A MELBOURNE kinder has banned children from Harry Potter, Pokemon and Power Rangers paraphernalia for "spiritual reasons" and told parents not to let their boys and girls play with toys associated with their fantasy heroes at home.
In a letter to parents, Waverley Christian College principal Peter Sheahan labelled the kinder a "war-free zone" and banned all items associated with the popular children's programs as well as toy guns, swords and weapons.
"For this reason we actively discourage all role play such as Power Rangers," he wrote to parents.
"For spiritual reasons, all Pokemon and Harry Potter items are not considered appropriate, including toys, clothing, drink bottles etc.
"Please help us by backing this up at home."
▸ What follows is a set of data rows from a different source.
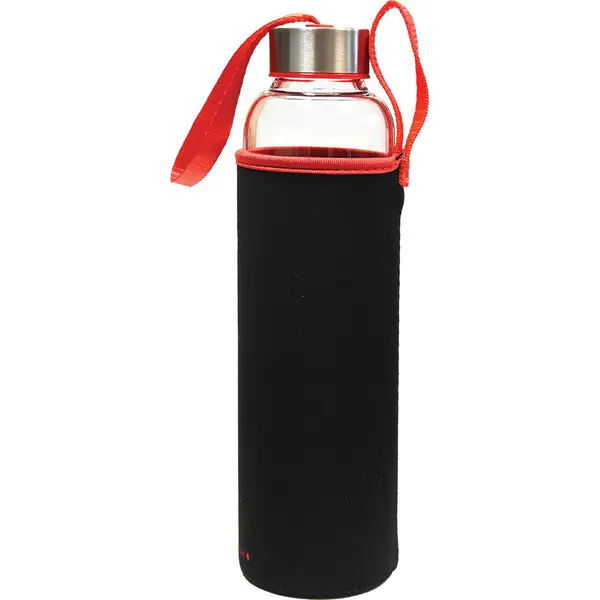 228541-EC Boca za vodu staklena Wave Black 600ml crno/crvena  85157R P1/25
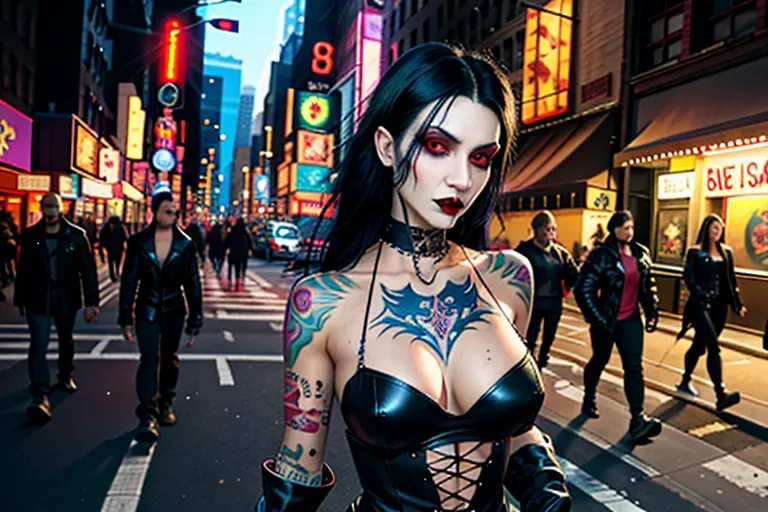 A beautiful goth vampire woman with black hair and a slinky body and rough edged with tattoos looks like a member of a street gang, walking down the streets of New York City late at night, realistic photograph, street lights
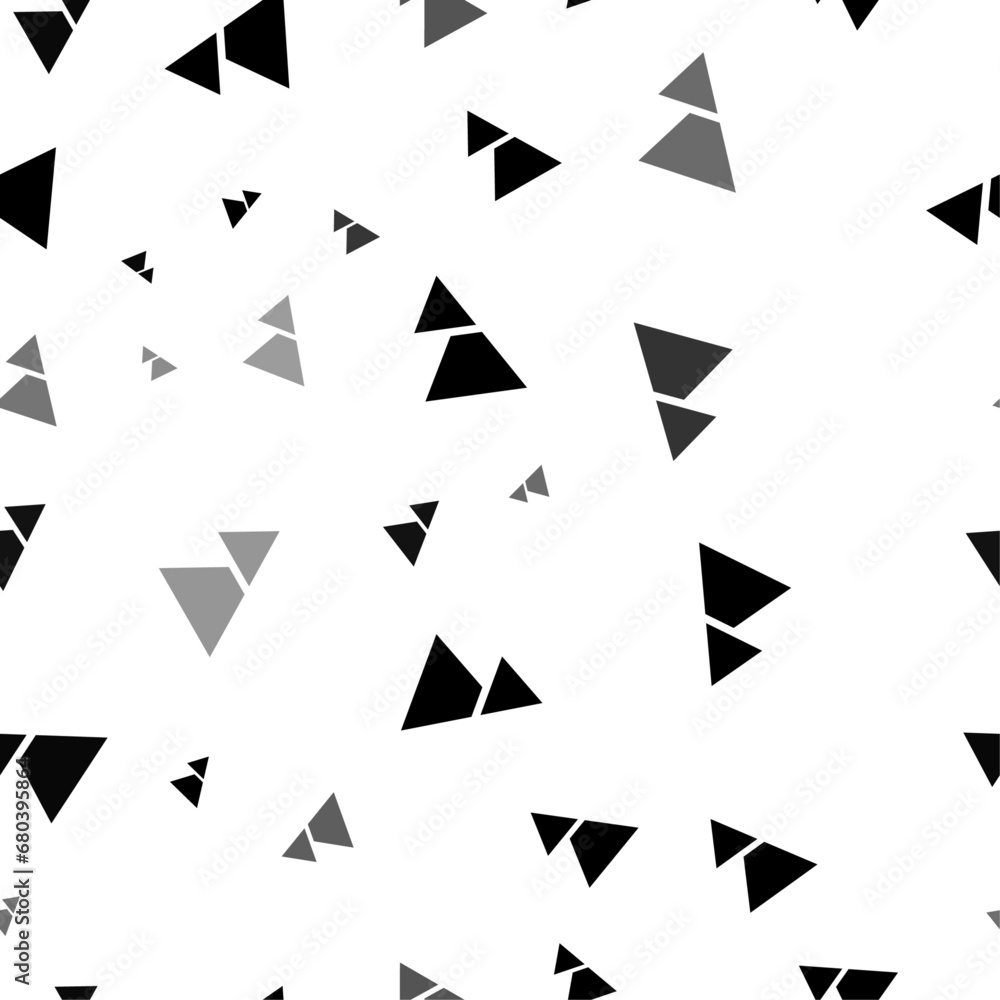 Poster seamless vector pattern with mountains symbols, creating a creative monochrome background with rotat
Victorian Parents Council spokeswoman Christine Delamore said the directive "went too far".
"Schools have a right to have policies that apply in the school yard, but don't try and tell parents what to do in their own home," she said."It's interfering, it's over-stepping the mark.
Mr Sheahan did not return phone calls from the Sunday Herald Sun.
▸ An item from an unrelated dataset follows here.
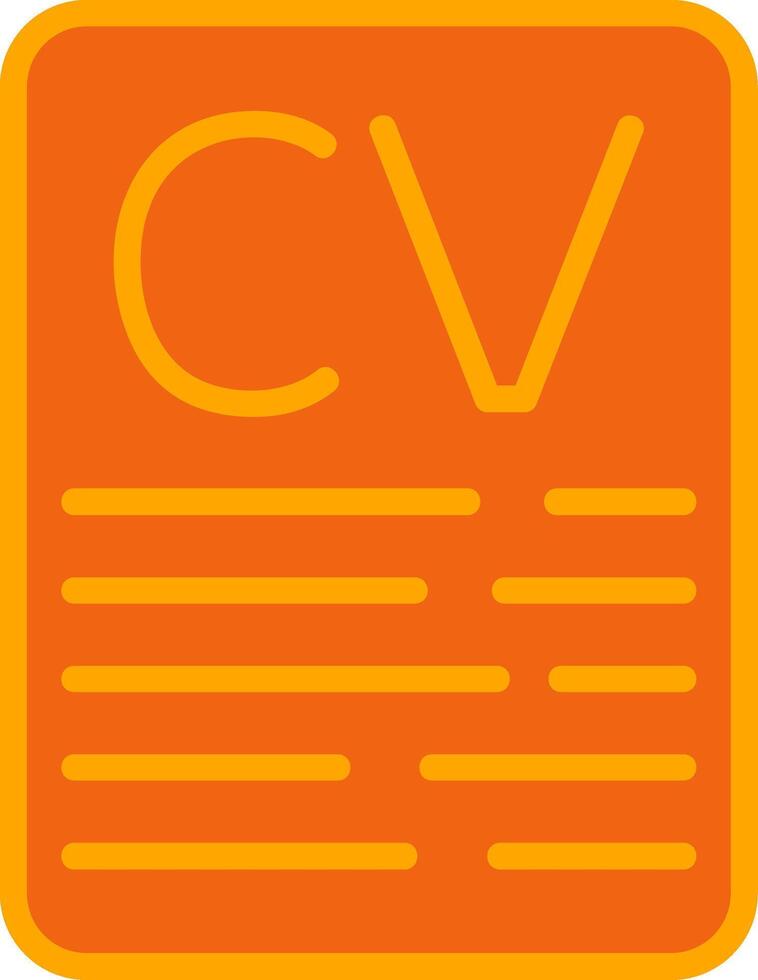 CV Oranage Filled Icon vector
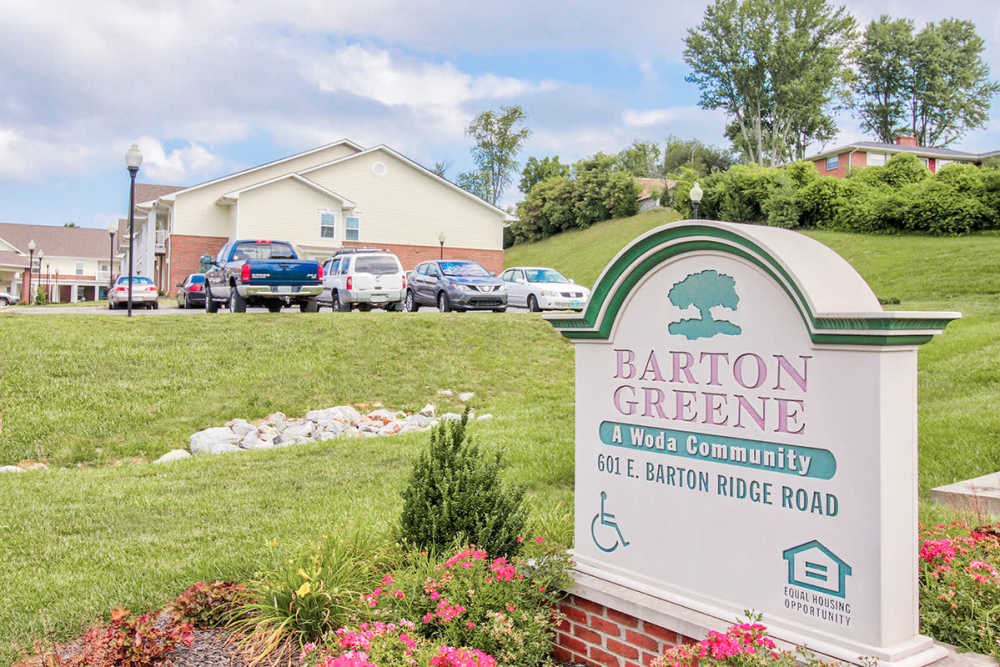 Entrance board at Barton Greene in Greeneville. TN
Forest Hill Liberal candidate Neil Angus, chairman of the independent inter-denominational school in Wantirna South, said he did not have a view on the issue.
Role-play - including "war games" with swords and guns - is an important part of child development. It helps us build our personality, cope with our fears and other trials of life, and learn who we truly are. There are certainly some children who should not role play unsupervised due to personal mental or emotional issues, but banning the activity outright will not create or exacerbate these issues - it will only delay their detection.
On top of that, this ban could encourage the mistaken notion that any kind of role play is always wrong. The school is certainly within its rights to ban any activity they choose, but this is lazy, irresponsible, and superstitious, and the children attending this school deserve much more.